I don't believe that returning an EINVAL from the write() is
sufficient. Because it introduces a high risk that people will run
misconfigured systems for lengthy periods and it will cause them to
have to do a *lot* of work once they discover that their system is
misbehaving.

So if we really really must instabreak back-compatibility, we should
shout loudly into syslog about it: tell people that their system is
broken and tell them what to do about it.

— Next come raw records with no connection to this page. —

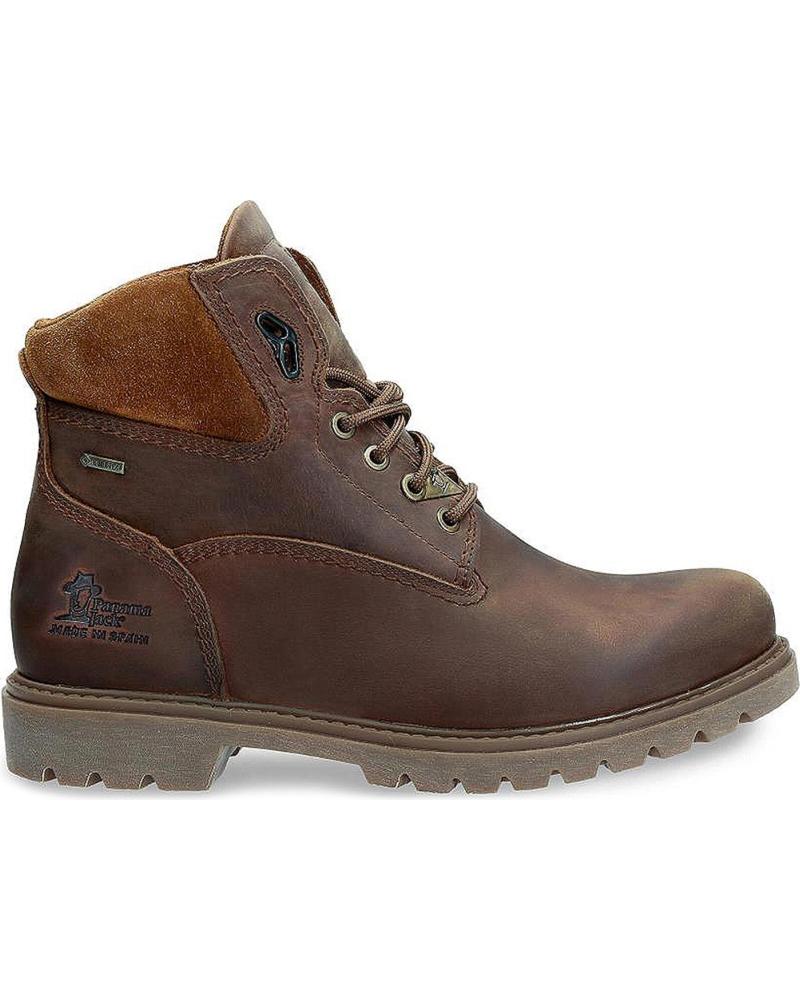 Stivali PANAMA JACK  per Uomo BOTAS AMUR GTX  MARRON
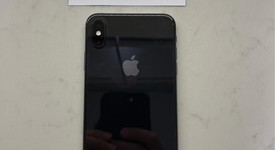 Good
													Apple iPhone Xs Max - Unlocked, Gray, 256 GB, A1921, photo 5 of 8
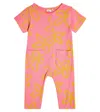 Jellymallow Baby Bedruckter Body In Pink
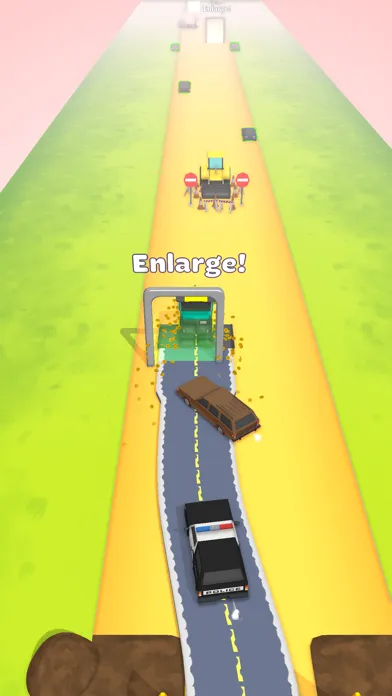 Captures d'écran de Best Road Maker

And we should explain and justify this extraordinary action in the
patch changelog.

2012-06-22 22:26:52

by Kees Cook

[permalink] [raw]
Subject: Re: [PATCH v3] fs: introduce pipe-only dump mode suid_dumpable=3

On Fri, Jun 22, 2012 at 3:20 PM, Andrew Morton
<[email protected]> wrote:
> On Fri, 22 Jun 2012 15:07:45 -0700
> Kees Cook <[email protected]> wrote:
>
>> mode=2 to disk _should_ break, is my point.
>
> And my point is that we should at least tell people that we broke it.
> I don't believe that returning an EINVAL from the write() is
> sufficient. ?Because it introduces a high risk that people will run
> misconfigured systems for lengthy periods and it will cause them to
> have to do a *lot* of work once they discover that their system is
> misbehaving.
>
> So if we really really must instabreak back-compatibility, we should
> shout loudly into syslog about it: tell people that their system is
> broken and tell them what to do about it.
>
> And we should explain and justify this extraordinary action in the
> patch changelog.

Okay, sounds good. Should mode 3 added with mode 2 removed, or just
drop the dangerous behavior from mode 2? I will be loud in either
situation (e.g. with mode 3, setting mode 2 shouts, or when attempt to
write to disk in mode 2, shout).

-Kees

--
Kees Cook
Chrome OS Security

2012-06-23 07:31:12

by James Morris

[permalink] [raw]
Subject: Re: [PATCH v3] fs: introduce pipe-only dump mode suid_dumpable=3

On Fri, 22 Jun 2012, Kees Cook wrote:

> Okay, sounds good. Should mode 3 added with mode 2 removed, or just
> drop the dangerous behavior from mode 2? I will be loud in either
> situation (e.g. with mode 3, setting mode 2 shouts, or when attempt to
> write to disk in mode 2, shout).

I'd prefer to drop the dangerous behavior.



--
James Morris
<[email protected]>

2012-06-23 22:34:40

by Rob Landley

[permalink] [raw]
Subject: Re: [PATCH v3] fs: introduce pipe-only dump mode suid_dumpable=3

On 06/22/2012 02:24 PM, Kees Cook wrote:
> When the suid_dumpable sysctl is set to "2", and there is no core
> dump pipe defined in the core_pattern sysctl, a local user can cause
> core files to be written to root-writable directories, potentially with
> user-controlled content. This means an admin can unknowningly reintroduce
> a variation of CVE-2006-2451.
...
> --- a/Documentation/sysctl/fs.txt
> +++ b/Documentation/sysctl/fs.txt
> @@ -167,12 +167,12 @@ or otherwise protected/tainted binaries. The modes are
> 1 - (debug) - all processes dump core when possible. The core dump is
> owned by the current user and no security is applied. This is
> intended for system debugging situations only. Ptrace is unchecked.
> -2 - (suidsafe) - any binary which normally would not be dumped is dumped
> - readable by root only. This allows the end user to remove
> - such a dump but not access it directly. For security reasons
> - core dumps in this mode will not overwrite one another or
> - other files. This mode is appropriate when administrators are
> - attempting to debug problems in a normal environment.
> +2 - (suidsafe) - no longer allowed (returns -EINVAL).

Random comment: a reference to the CVE might be good here.

Rob
--
GNU/Linux isn't: Linux=GPLv2, GNU=GPLv3+, they can't share code.
Either it's "mere aggregation", or a license violation. Pick one.